Those who awake at 8am on a bank holiday morning of a festival are usually pill-perspiring goons whose eyes appear to have melted into a similar murky bog to that they are walking in. The kind of people that aged hereditary peers believe to be created as result of buggery. At Hay, of course, they are alert, considerate types that look like they have already done their morning exercises and written their requisite 500 words of the next novel. We sat in the on-site cafe from which the Today programme was enlisting the help of Hay visitors to put together the morning's show. James Naughtie welcomes everyone by declaring how, despite what his producers insist, he certainly has no doubt that all will end in tears.
We are told to split into groups of six from which we shall have a Today programme expert take us through the editing programme and we will all put together our perfect show for the morning. I am 10 and it's the school trip to Granada Studios Tour all over again. Except now Eric Hobsbawm is next door rather than Jack Duckworth. We get a producer named Peter who listens patiently as middle-aged women tell him that they would prefer more interviews with real doctors for the 8:05 interview rather than Patrica Hewitt. He seems genuinely excited when a woman suggests they should regularly interview schoolteachers from state schools. We have been handed a list of the day's events that Today would like to cover and Peter asks which story the teacher could discuss. "Well, I don't know. But it'd be good to have them on, wouldn't it?" Peter nods with less certainty.
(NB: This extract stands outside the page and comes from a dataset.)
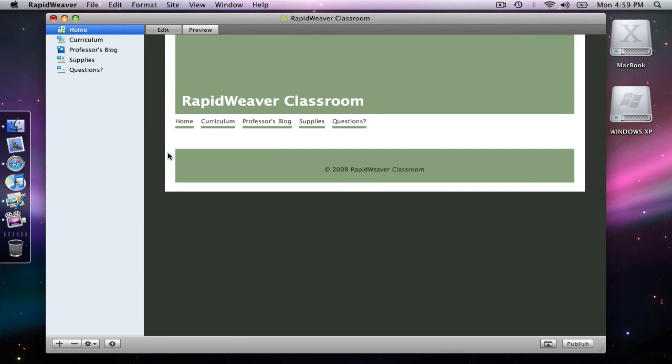In this tutorial we're going to use the site setup panel to add a logo to our website. I skipped over that initially when we went to the site setup panel, but now I'm going to go back and revisit that and add the logo.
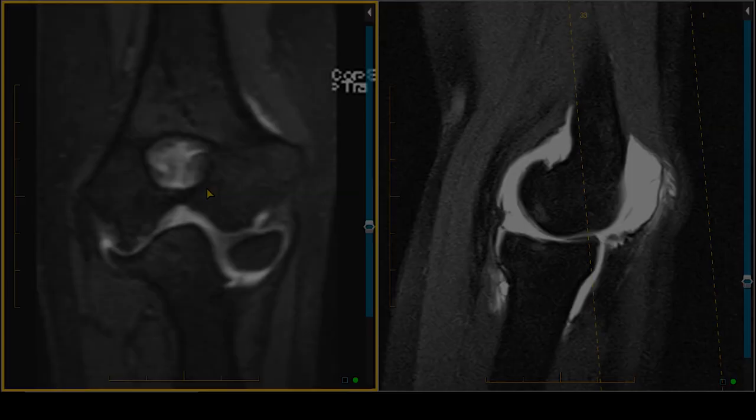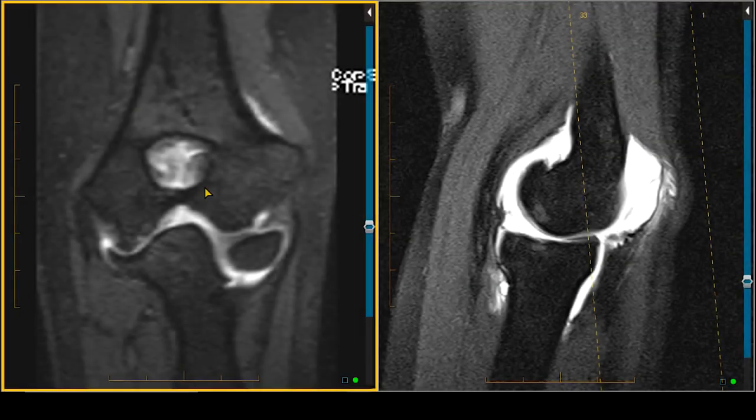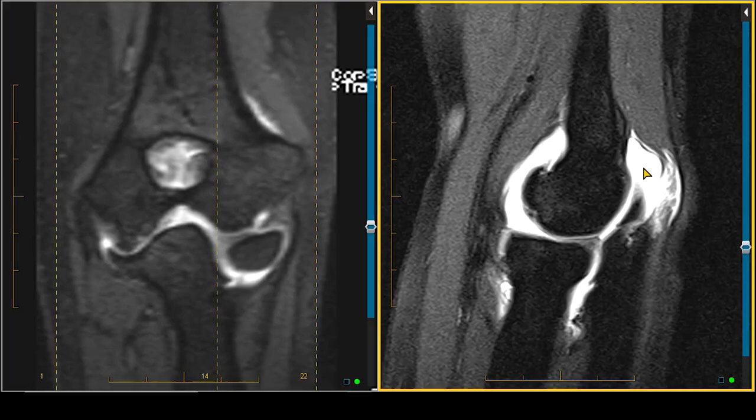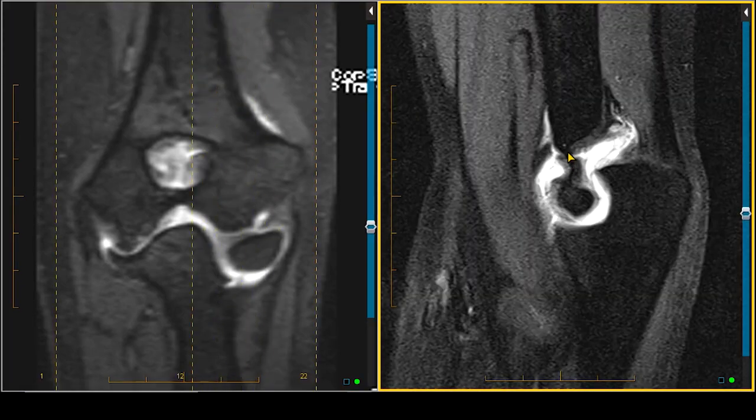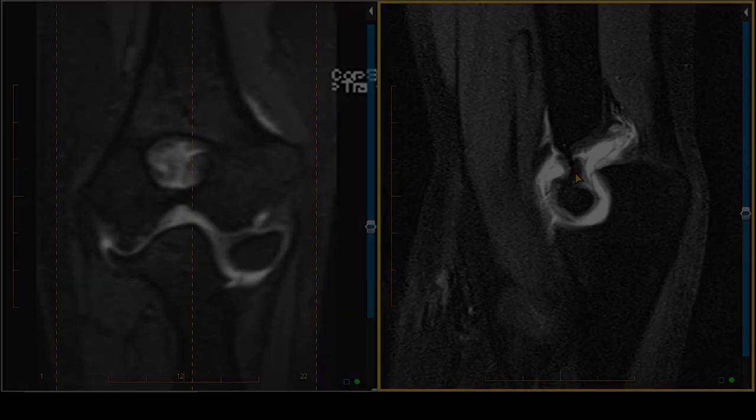What's happening? The history here is very important. This person, maybe four or five years ago, had a supracondylar fracture — remember we talked about that? It happens right here where the bone is very thin. So at one point this person had a supracondylar fracture.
One chap is much younger than the rest and makes a comment roughly every five seconds. He makes unsubtly wry references to Andrew Gilligan, tuts at the chat show suggestions of other members of the group, and insists it is the BBC's duty to cover Hugo Chavez's latest act of censorship over any nonsense about the NHS. Eventually Peter hands him a business card so he can stop the job application and we can all get some peace and quiet. An older gentleman suggests some of the books Gordon Brown should take on his holiday.
I suddenly realise that this, essentially a bit of fun at Hay where people fiddle with an irrelevant Bank Holiday edition of the Today programme, is the Britain that Gordon Brown was threatening to bring about yesterday. A Britain where we are all the experts, supposed to solve the country's environmental and security problems. The supposed intellectual, celebrity-hating, new prime minister wants to turn Britain into the land of the inexpert where planes are handed over for us to fly ourselves (having offset our own carbon emissions) and school is just a matter of locking children in a library for 15 years. Thanks heavens it could never happen, any more than tomorrow morning's Today programme will follow my advice to get Shane McGowan in to talk about alcohol warning stickers.